What is a better way to get the Median of a Probability Map?

Question

Background

I've written a program designed to calculate the odds of each outcome associated with a Die Roll, or combinations of Die Rolls. Specifically, when handling rolls like "add together two six-sided dice" (aka the Catan Roll) the way that probabilities are calculated is by saving Mappings between individual outcomes, and the number of possible rolls that can represent that outcome. In this example, the data structure is a TreeMap<Integer, BigInteger>, which takes this form:

{
[2, 1],
[3, 2],
[4, 3],
[5, 4],
[6, 5],
[7, 6],
[8, 5],
[9, 4],
[10, 3],
[11, 2],
[12, 1]
}

Before anyone asks, the use of BigInteger in this context is NOT overkill, because it's designed to handle any possible roll that might be presented to the program, and rolls like 100d6 (add together the rolls of 100 six-sided dice) very quickly end up with very large numbers that I don't want approximated as a double.

As part of the interface for this program, I've decided that I want stats about these rolls to be queryable, and one such stat I want the program to look up is the median of the roll. My current version of the algorithm sums up the trials that represent all the outcomes lower than a given outcome, starting with the lowest outcome, and reports the outcome as the median if the total exceeds 50% of the trials.

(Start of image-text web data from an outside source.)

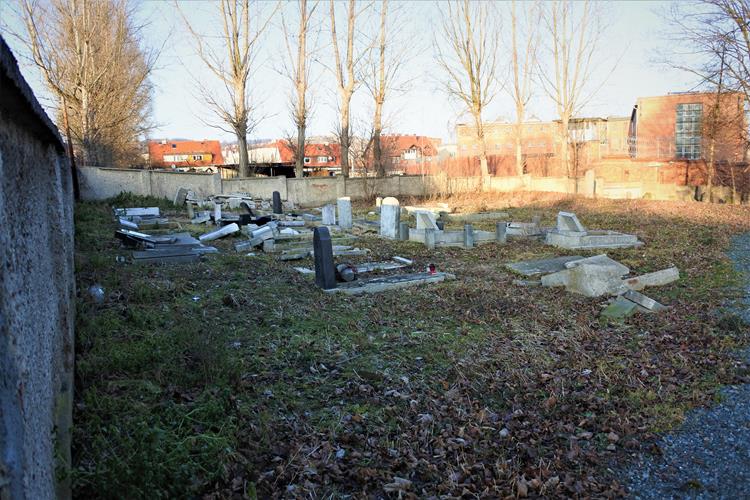 Cmentarz żydowski w Kłodzku (4).JPG
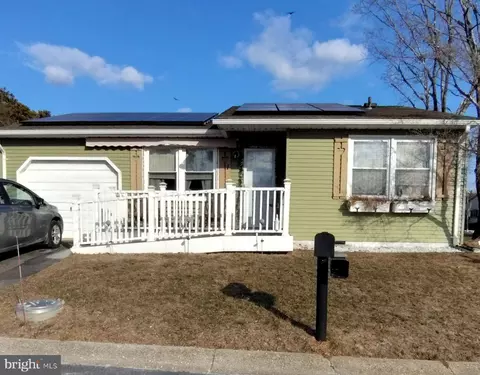 1 Churchill Rd, Whiting, NJ 08759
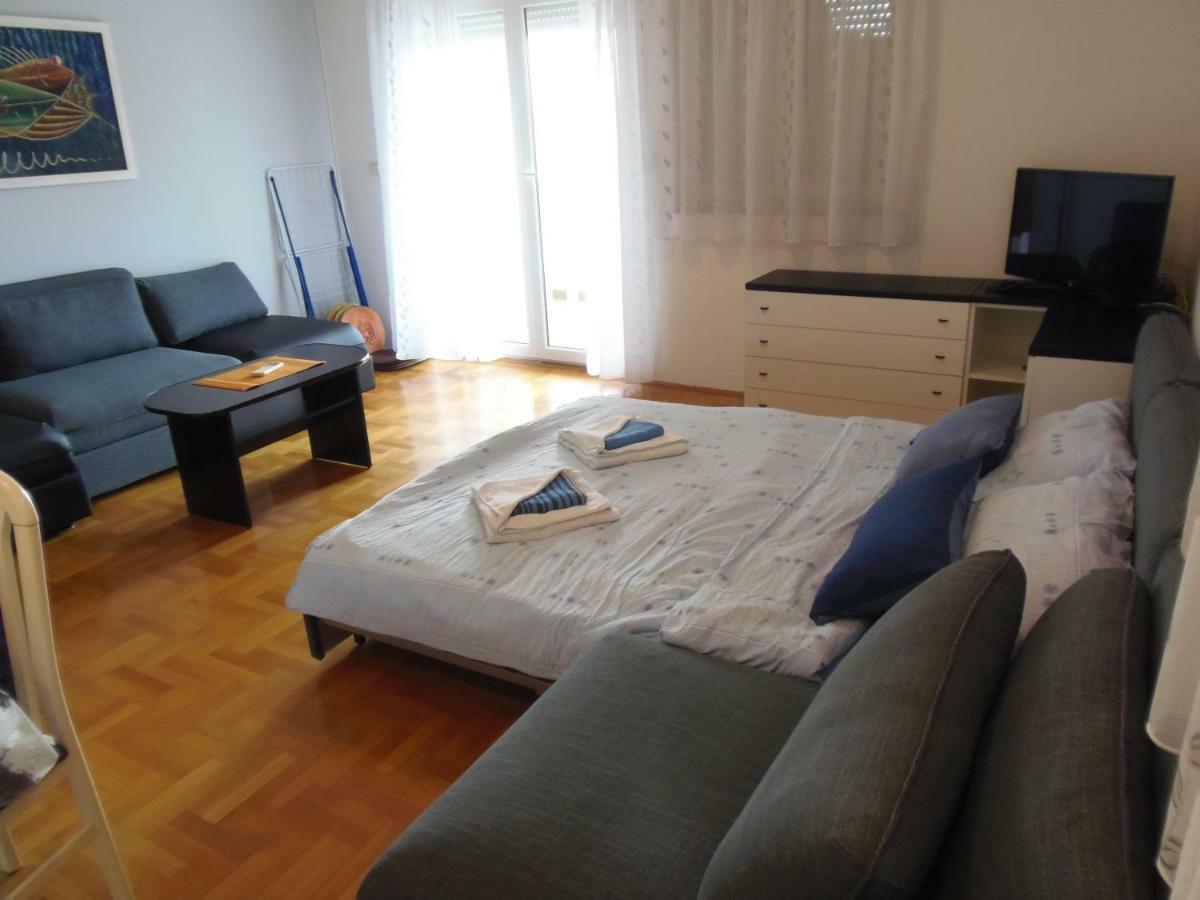 Dora Apartment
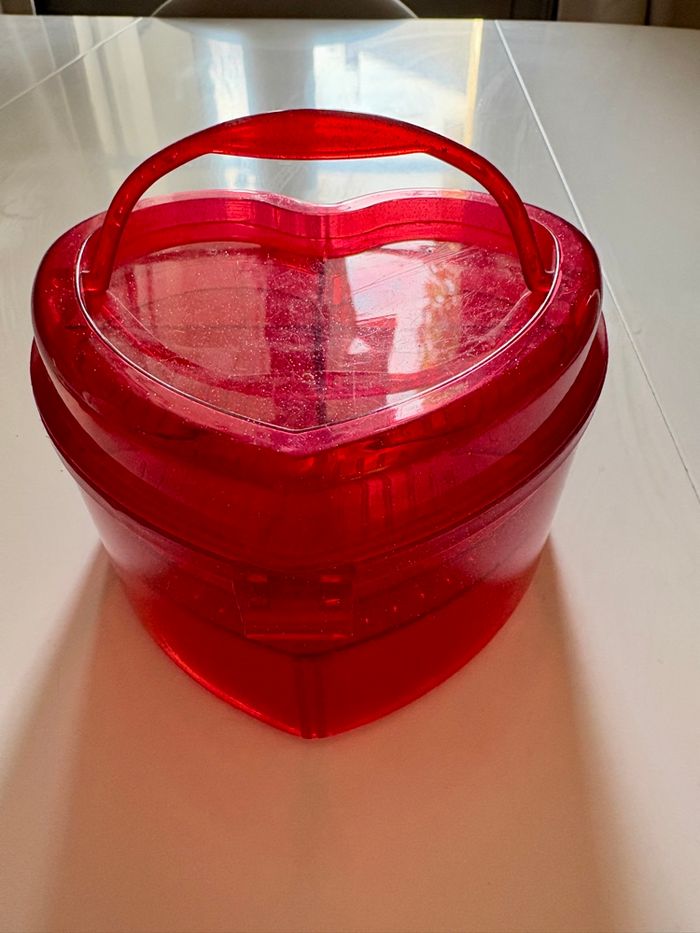Boîte à bijoux enfant en forme de cœur rouge pailleté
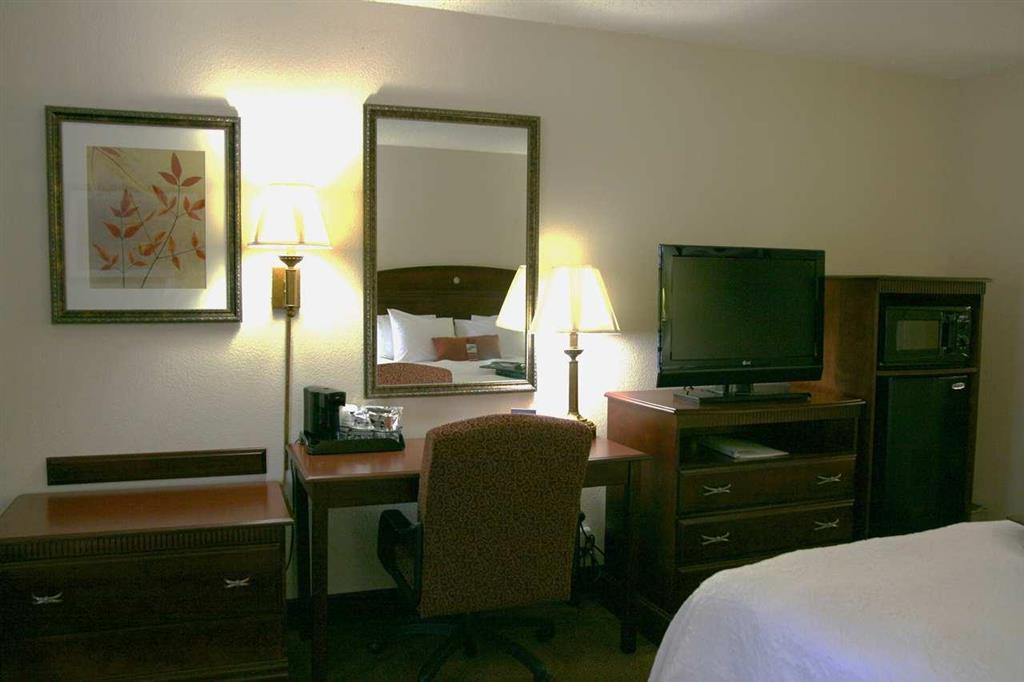 Hampton Inn Далтън Стая снимка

This is how I've written the code.

//Is filled with values during object construction
TreeMap<Integer, BigInteger> probabilityMap = new TreeMap<>();

//Memoization to at least make sure we only make this calculation once
private Integer memoizedMedian = null;
public int getMedian() {
    if(memoizedMedian == null) {
        BigInteger trials = BigInteger.ZERO;
        BigInteger totalTrials = numOfTrials();
        for(Map.Entry<Integer, BigInteger> entry : probabilityMap.entrySet()) {
            //We're guaranteed to be iterating in order, due to how TreeMap's work
            trials = trials.add(entry.getValue());
            double percentile = trials.doubleValue() / totalTrials.doubleValue();
            if(percentile >= 0.5) {
                memoizedMedian = entry.getKey();
                break;
            }
        }
        //If we didn't find it, someone went wrong with the object initialization
        if(memoizedMedian == null)
            throw new RuntimeException("Probability Map was not properly Initialized");
    }
    return memoizedMedian;
}

The Problem

As written, this code works: it finds the median for any set of values I pass to it.

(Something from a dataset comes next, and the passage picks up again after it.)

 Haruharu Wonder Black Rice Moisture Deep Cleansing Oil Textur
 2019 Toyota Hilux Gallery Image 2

The problem however is that it can be slow: consider this (exaggerated) dataset to see how this might be an issue:

{
[1,1],
[2,1],
[3,1],
[4,1],
[5,1],
[6,1],
[7,1],
[8,1],
[9,1],
[10,11]
}

Obviously, 10 is the median of this dataset, but the algorithm won't figure that out until it scans the very last entry in the map, and for larger, more complicated probability maps, that could take a while to reach.

So I'd like to improve the algorithm to handle these kinds of datasets more responsibly, but I'm not sure what kind of approach to take.

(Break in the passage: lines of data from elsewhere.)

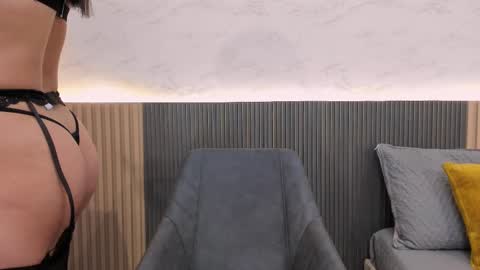 luna_valle online show from September 22, 8:29 pm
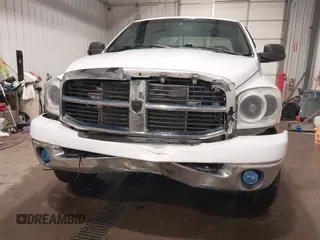 2007 Dodge Ram 2500 SLT with VIN 1D7KS28C87J567211, listed as a IAAI auction lot 41344967 with 194,618 mi miles. Bid and sale history available at carsss.com. Image 6.
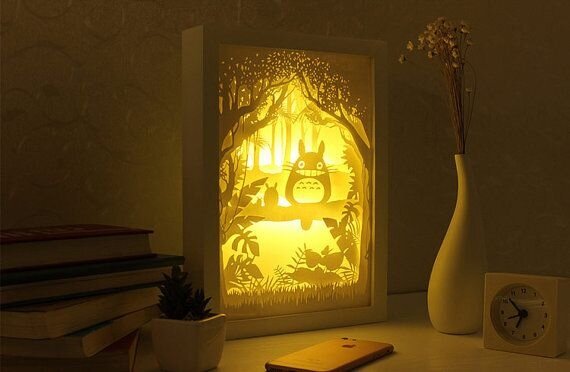 Intra απο ξύλο plywood 3mm-4mm πάχος - Λάμπα My Neighbor Totoro 3D Lightbox Δίασταση 30x30 cm Intraeaxys-eoxldrxo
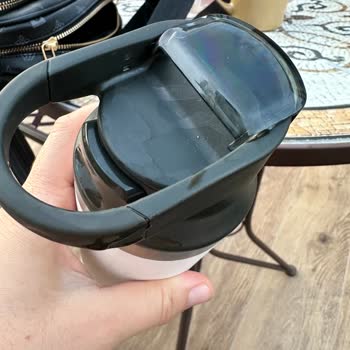 Stanley Termosun Sıcak İçeceği Dökülerek Yanıma Sebep Olması!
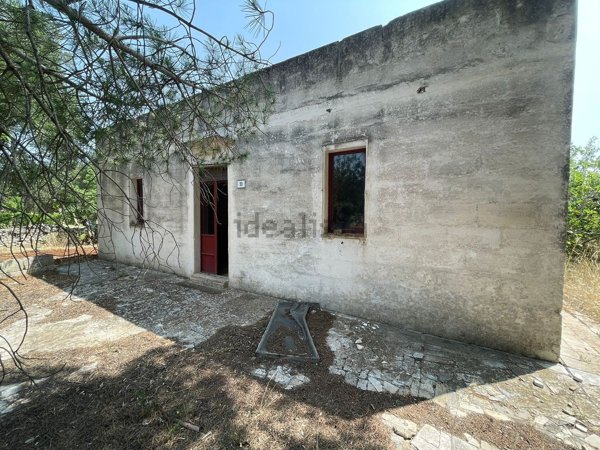 casa indipendente in vendita a Grottaglie in zona Paparazio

What kind of changes should I make to my algorithm to better calculate the median of this dataset? I'm open to changes to the root data structure as well, but that should have proper justification.

@forpas I definitely mean median. The average always requires me to iterate the entire dataset regardless, so there's not a lot I can do to optimize (except for memoizing the result, obviously). — Xirema, Nov 07 '18 at 19:59
I would just flatten the dataset (or create a flat version of the data at the beginning) , sort it and look at the middle element. If the set is dynamic, adding an element to an already sorted list takes O(log n) and looking up the median takes constant time. If the original dataset is large, [this link](https://rcoh.me/posts/linear-time-median-finding/) describes how to find the median in linear time. The key -in my opinion- is to have a flat copy of the data. — jrook, Nov 07 '18 at 19:59
@jrook You may want to review the parameters of this issue. For that to work, I'd have to create a flattened version of the data that could be larger than the maximum value of `BigInteger`, which is..... very big, to say the least. Flattening the dataset is not a sensible solution unless the original data structure gets changed in some dramatic manner, and you haven't specified how I would go about doing that. — Xirema, Nov 07 '18 at 20:04
Larger than max value of BigInteger??? You mean you will have an array with `(2 ^ 32) ^ Integer.MAX_VALUE` [elements](https://stackoverflow.com/questions/12693273/is-there-an-upper-bound-to-biginteger)? I would imagine that even the most efficient algorithm will take a lot of time to run on such a large dataset. As explained in the link I provided, median of medians is usually pretty close to the actual median. So if you don't require an exact median, that might help speed up things. — jrook, Nov 07 '18 at 20:08
@jrook To give some context, [I spit out the results of this program calculating `100d6`](https://gist.github.com/Xirema/a2c5f7588e8fb6af3066bbbd1f7f066e), to show how many trials can be associated with a single outcome. The mode, median, and mean of this dataset, 350, has 15237092858379903128111407924086725562812976591205826140530848189030092709496 trials associated with it... that would be quite difficult to flatten out! — Xirema, Nov 07 '18 at 20:18
Let us [continue this discussion in chat](https://chat.stackoverflow.com/rooms/183260/discussion-between-xirema-and-jrook). — Xirema, Nov 07 '18 at 21:29

Compass · Answer 1 · 2018-11-07T21:04:47.610

I don't have experience with the sheer number of possibilities for your 100d6 example, so this may or may not be the best-optimized approach, but it front-loads the intensive operations to when you create the probability map by using a pair of buckets for large and small values. This is also order-dependent, though an order-independent one can be created through a two-way rebalancing method. I went ahead and used Integers just to be able to get away with basic math operations.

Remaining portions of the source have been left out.